I am in the middle of this book. For me, it is essential reading for clues... although not a classic in the sense that I will return to it again and again. (Gail)
-
A fascinating, easy to read account of the design and facilitation methodology invented by Matt and Gail Taylor (of Tomorrow Makers) and the organization they founded, MG Taylor Corporation. Their system has enabled organizations of all sizes and kinds to solve complex problems and reach a level of sustained breakthrough thinking in a fraction of the time and with far greater results than are possible by other forms of strategic planning, problem solving, or group process.

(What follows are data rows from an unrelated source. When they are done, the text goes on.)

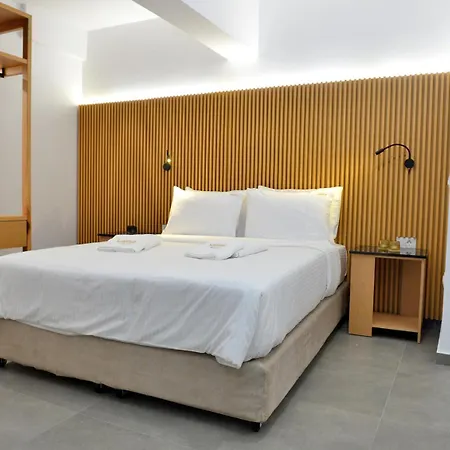 Aikaterini Lever Du Soleil Apart, *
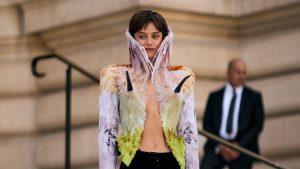 Від Bad Bunny до Емми Коррін: найстильніші гості показу Schiaparelli Haute Couture осінь-зима — 2026/27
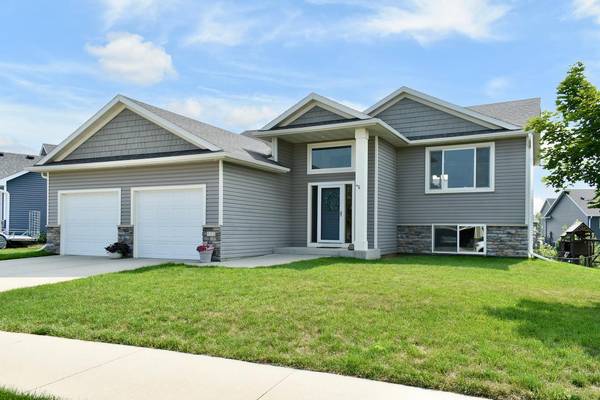 532 Towne DR NE,  Byron,  MN 55920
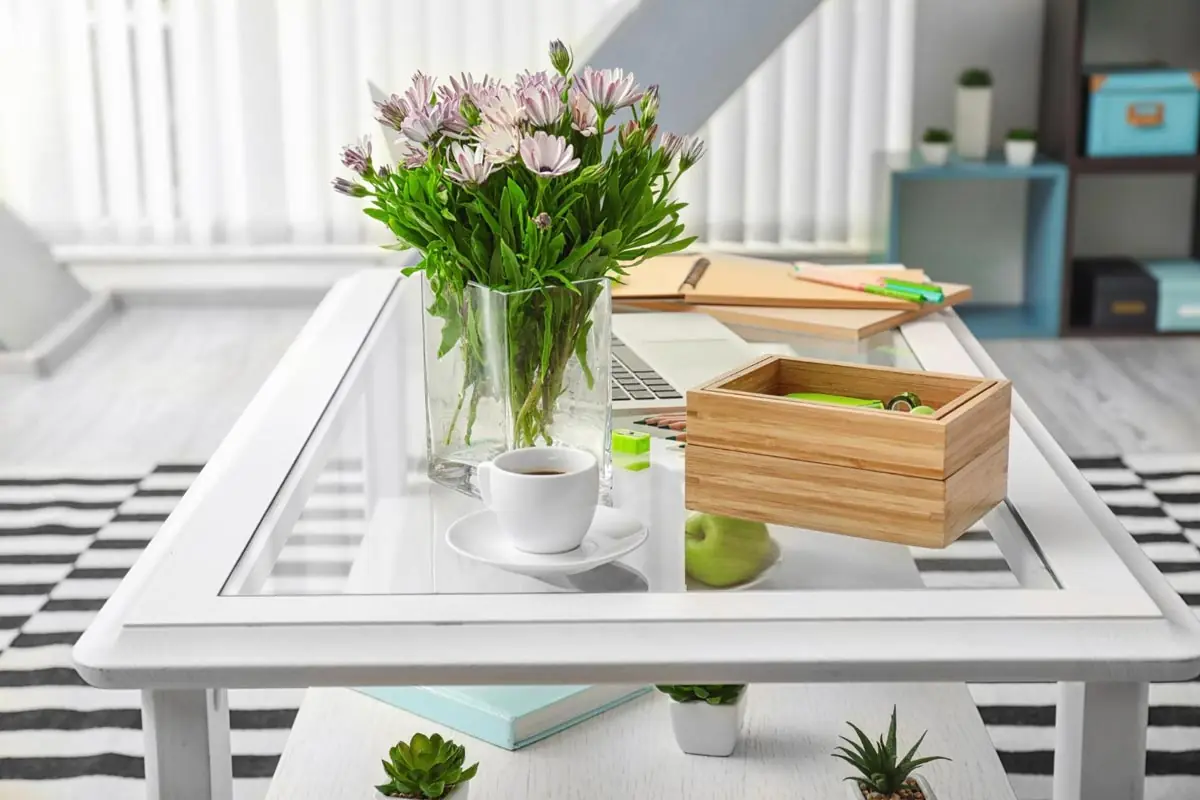 Măsuțe decorative pentru living: Cum le alegi pe cele mai potrivite?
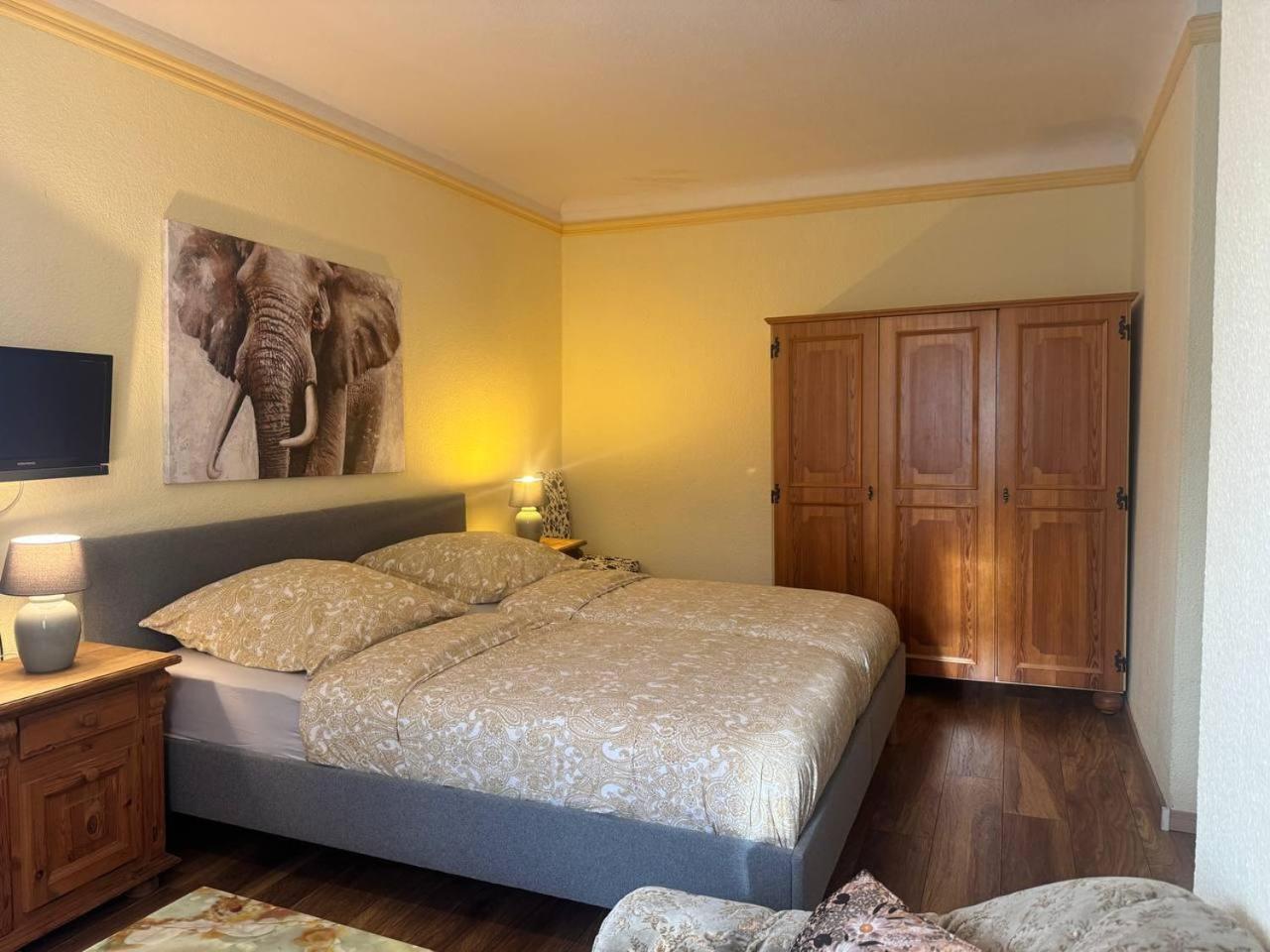 Doppelzimmer mit Balkon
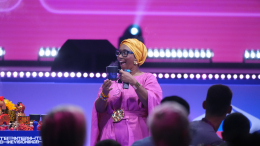 Лавров: на «Интервидении» большинство исполнителей споют на национальных языках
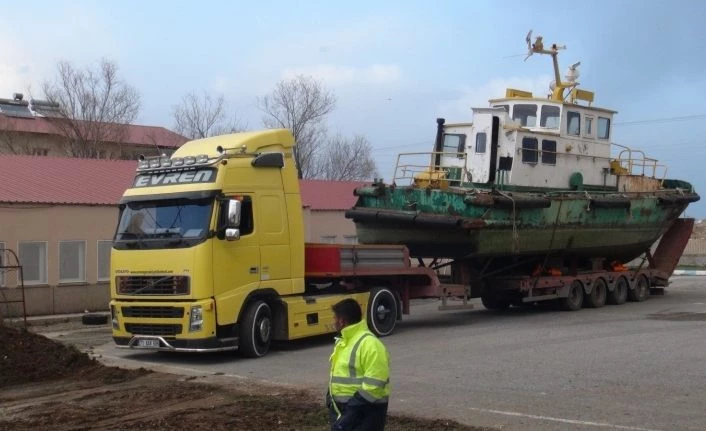 Atıl durumdaki tekne eğitim için okula taşındı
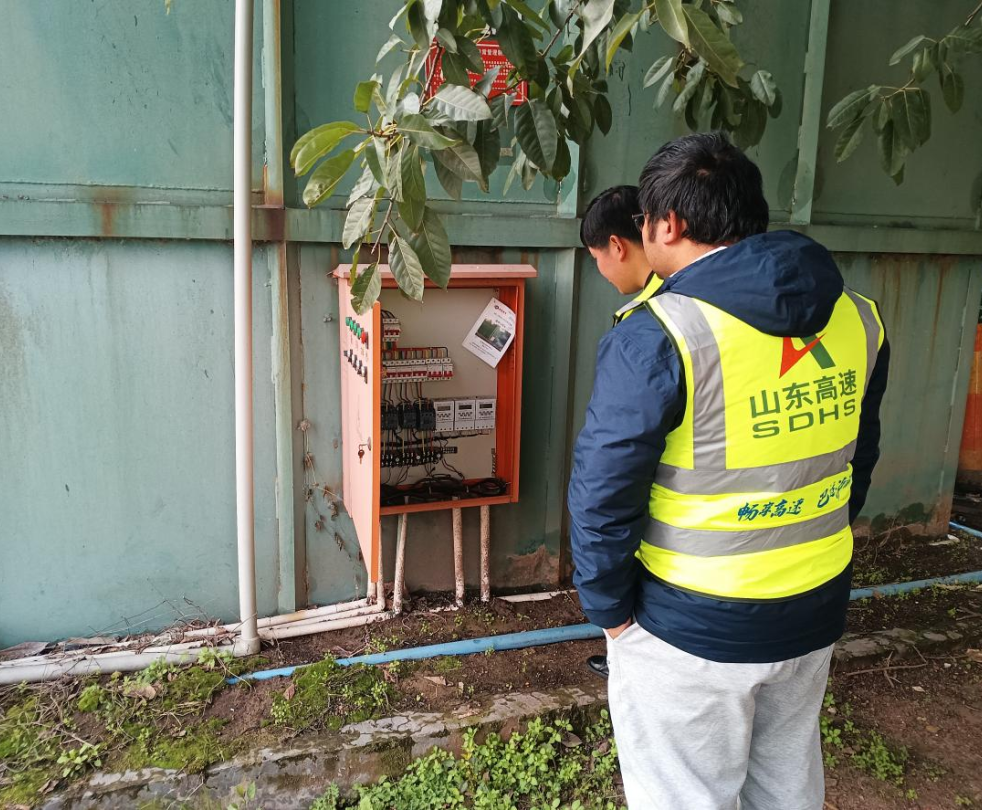 微信图片_20230206183429.png 微信图片_20230206183429.png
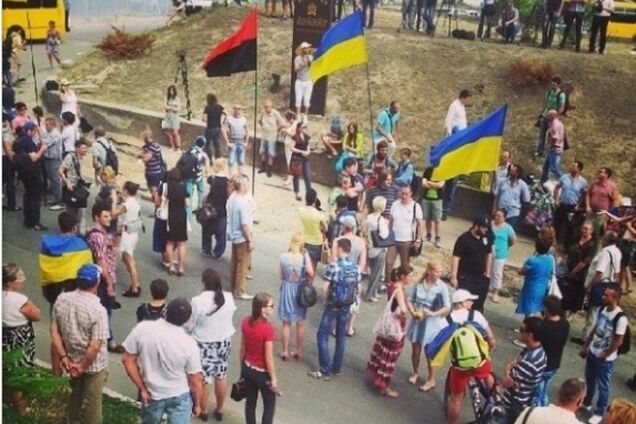 Под российским консульством в Одессе спели 'Путин х**ло!'. Активисты требуют снять российский флаг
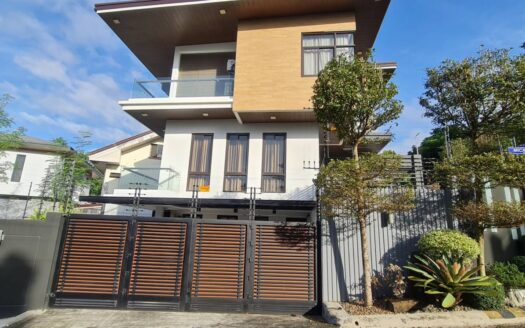 Spacious Fully-Furnished 4-Bedroom House in Filinvest Heights, Quezon City | 400sqm Lot | ₱38M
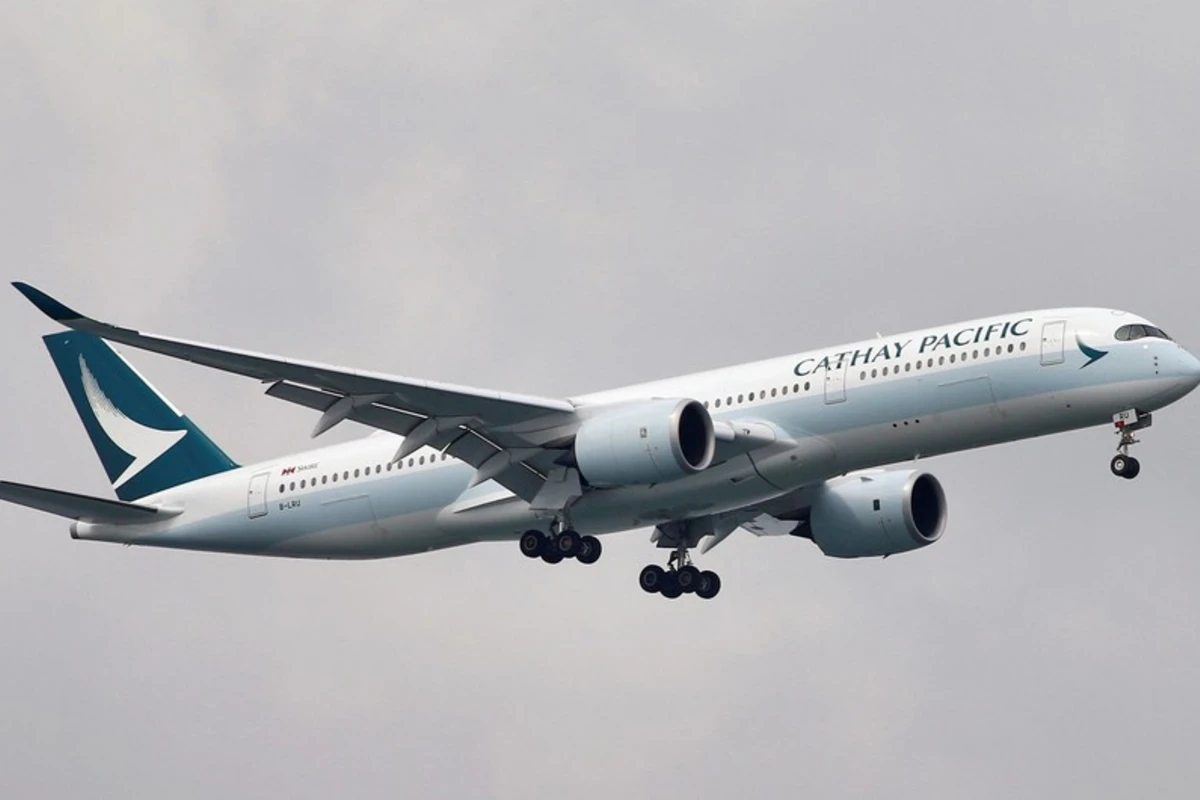 Sürix-Honkonq reysini yerinə yetirən təyyarə Bakı aeroportuna təcili eniş edib Sürix-Honkonq reysini yerinə yetirən təyyarə Bakı aeroportuna təcili eniş edib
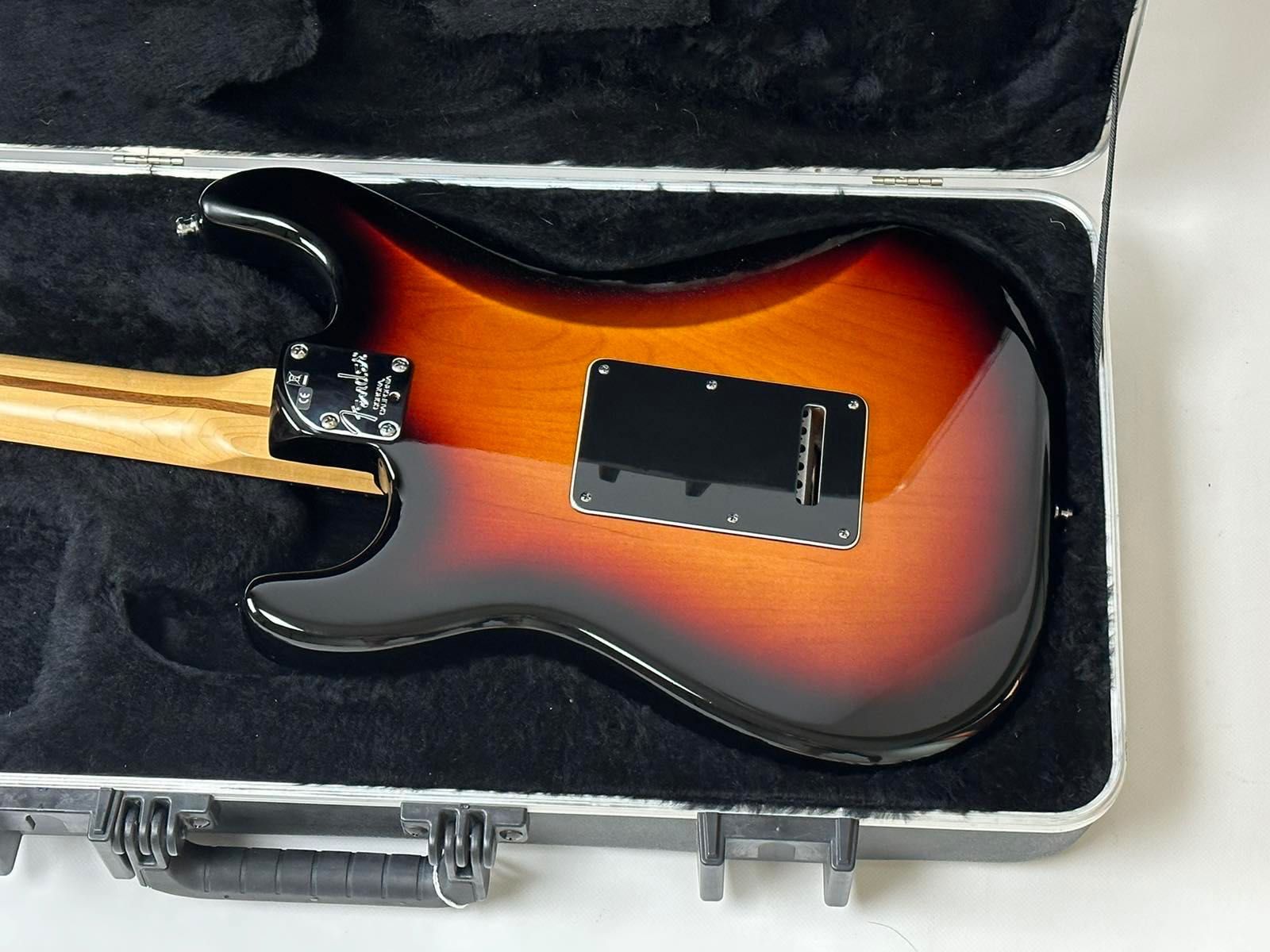 Акція! Fender American Deluxe Stratocaster (EMG David Gilmour, 1490$)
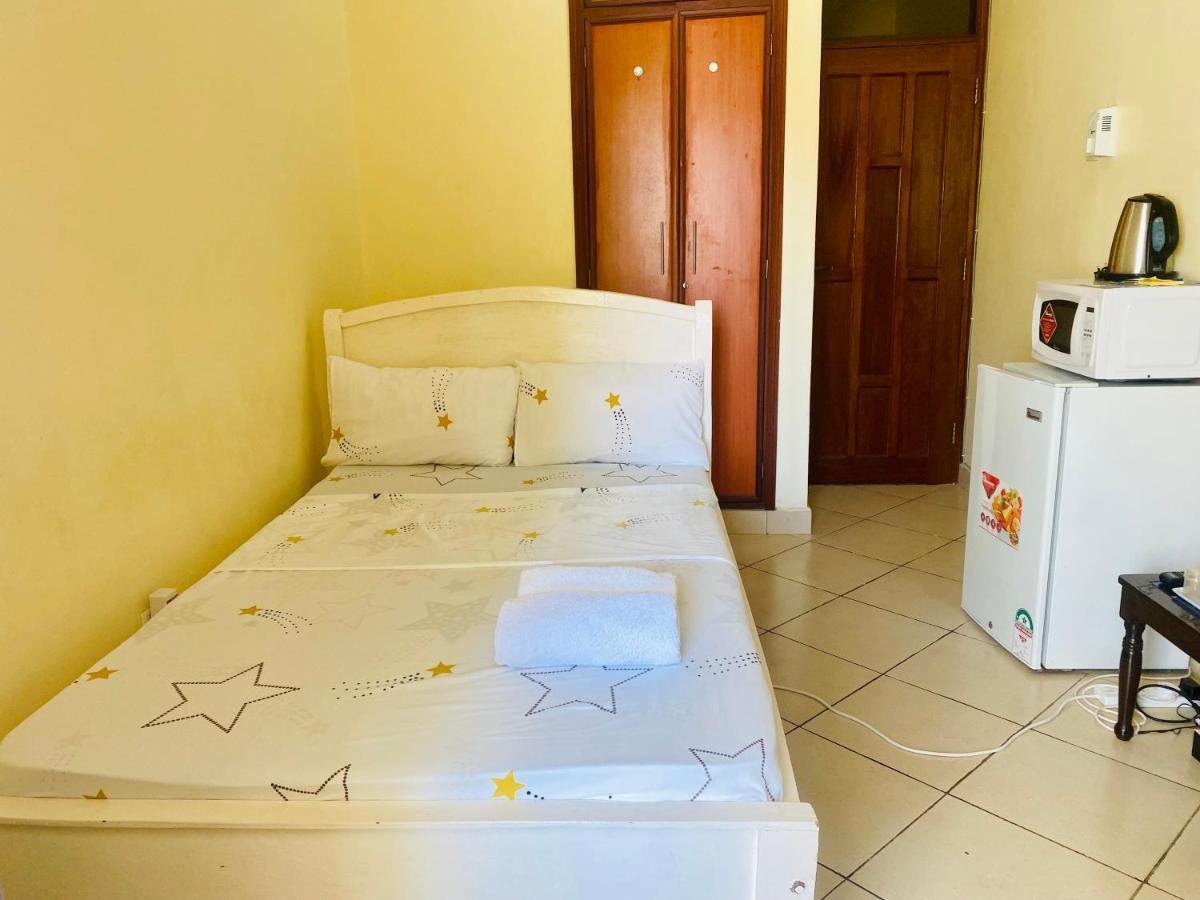 Dala Studio - Beach Road Apartment Mombasa Exterior foto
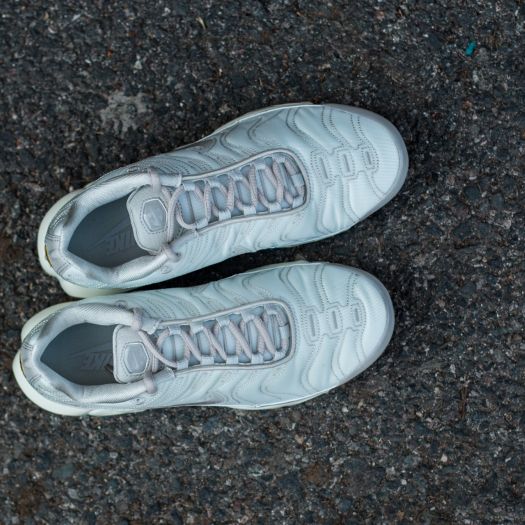 Nike air max plus premium women's sales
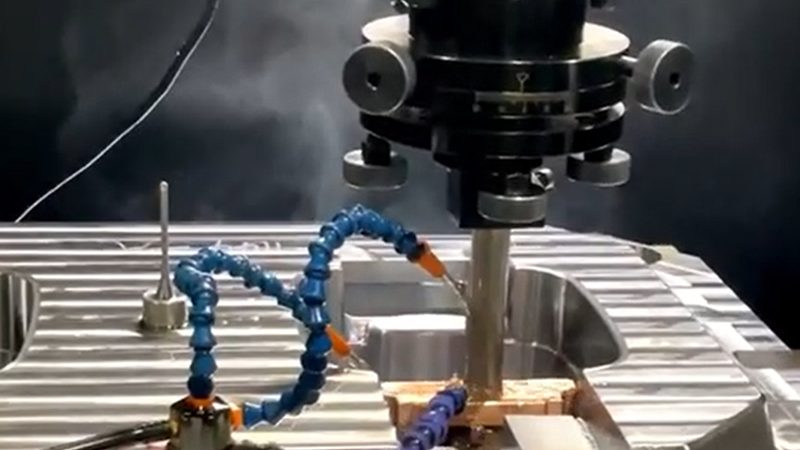 台州连接器模具加工：精准度如何影响连接器性能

Though the "state of the art" in the company's methods has progressed significantly since this book was published, the numerous interviews with Matt and Gail as well as clients, workshop participants, and knowledge workers offer a great introduction to the essence of MG Taylor's way of working.
Leaping The Abyss is available for free online at the author's website, as well as at Amazon.
-
tags: Organization, Leadership, Resilience
While not groundbreaking, an important book as it reinforces and reminds readers of the changing dynamics of organizations. One of the first books to touch upon the intention of Value Web communities. The book features Wikipedia, P2P, Open Source, eMule and others and lays out the principles behind this kind of organization (starfish), and compares them to the characteristics of what are generally considered more typical, centralized organizations (spiders). The central point of the metaphor in the book's title is that of spontaneous regeneration, an ability displayed by starfish but not their eight-legged friends, spiders. A short book that can be read and absorbed in a couple hours, it is a great entry point for considering the ways of organizing that a network economy demands. -TJ
-
Tags: Vantage Points, Design, Storytelling, Timeless
Zoom out and in... Nothing is as it seems. Enjoy this book. I have often used it with participants in a workshop or event to reveal context and vantage points.
-
This book, through the telling of Alya's journey from orphan through young adulthood, brilliantly captures the creativity and insight of this young girl. The author creates context and content around moments in time when the entire world view changes for her young protagonist and then Auel follows the trail revealing that when Alya moves to action and doing, new insights and possibilities spill forth. The Design, Build, Use and 3-Cat MGT Models come to mind.